6. We have perused the records of the case and have considered the submissions made by the learned DR. We find that the Collector’s order holding that it is for the buyers to seek refund from the respondents in case the amount collected by way of sales-tax from them is not paid to the sales-tax authorities, is not a correct appreciation of facts. It is agreed on both sides that no sales-tax was payable during the relevant time. In spite of that, the respondents continued to make additional collections giving the impression to the buyers that sales-tax was payable. This amount, therefore, represents an additional realisation of price. As the Central Excise duty is payable on normal price at which the goods are sold, this additional realisation which forms part of the price was also liable to be included in the assessable value of the goods. The Collector’s finding to the contrary was, therefore, erroneous and the order is required to be set aside on this ground.

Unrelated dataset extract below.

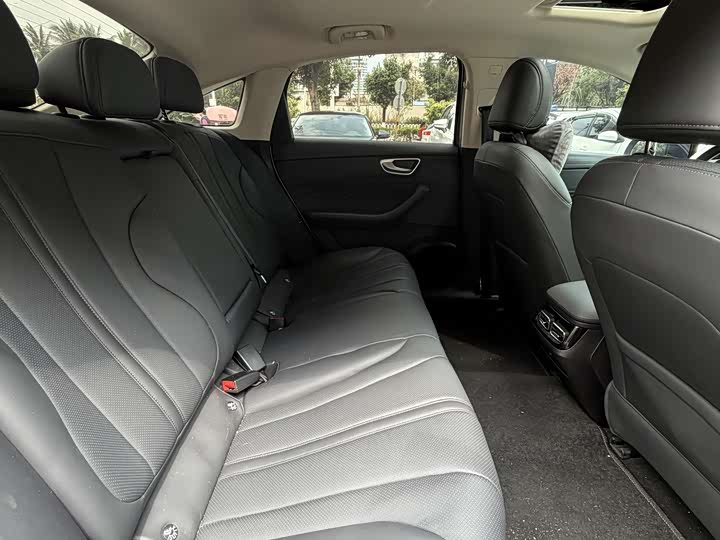 Фото 3 - Roewe D7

7. It is clear from the appeal that the documents produced before the Central Excise authorities all gave the impression that the collections were sales tax/service charges. It was not at all disclosed that the collections bore no relation to sales tax/service charges and that they were at the same rate as the sales tax which was prevalent. Even if a certain cost is incurred towards delivery of the goods to the buyers inside the factory it is includible in the assessable value. It is clear from the rate at which the collection has taken place that the realisations made by the respondents cannot be towards service charges of the tankers. In these facts and circumstances, we accept the submission of the Revenue that the order impugned in the present appeal is erroneous with regard to findings on time bar and merits. Accordingly, we set aside the impugned order with the direction to work out the correct amount of duty leviable on the additional collection made by the respondents during the period covered by the notice after giving the appellants an opportunity to present their case regarding the quantum of duty leviable. The appeal is allowed on these terms.